> PROMPT: Lines holding the word "diapositivas": how many does the material below have? Answer with nothing but the number.

> DATA SHOWN:
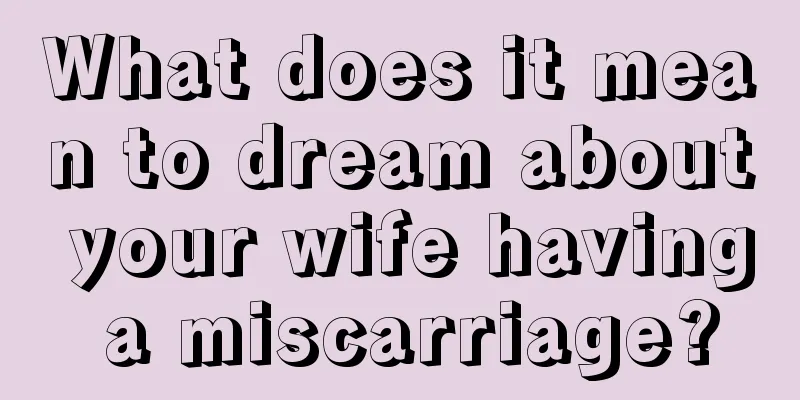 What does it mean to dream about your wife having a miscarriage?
--
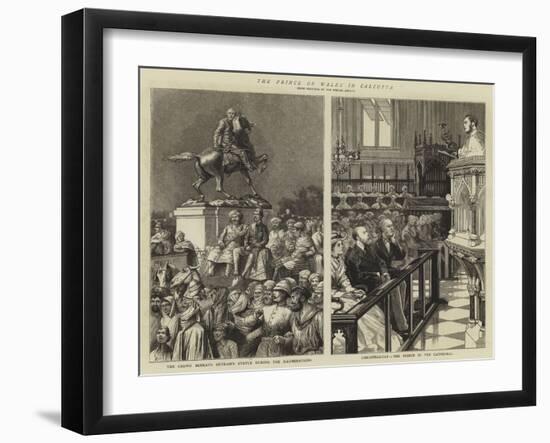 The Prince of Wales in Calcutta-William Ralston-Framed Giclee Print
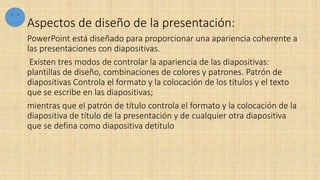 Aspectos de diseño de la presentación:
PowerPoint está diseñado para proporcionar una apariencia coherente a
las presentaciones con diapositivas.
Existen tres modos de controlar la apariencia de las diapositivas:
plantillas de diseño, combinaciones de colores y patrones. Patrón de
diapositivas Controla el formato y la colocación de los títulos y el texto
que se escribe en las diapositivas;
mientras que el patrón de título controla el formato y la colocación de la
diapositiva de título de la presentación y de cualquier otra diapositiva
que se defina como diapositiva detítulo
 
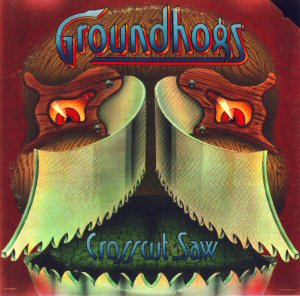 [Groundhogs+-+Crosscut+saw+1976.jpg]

> EXPECTED ANSWER: 4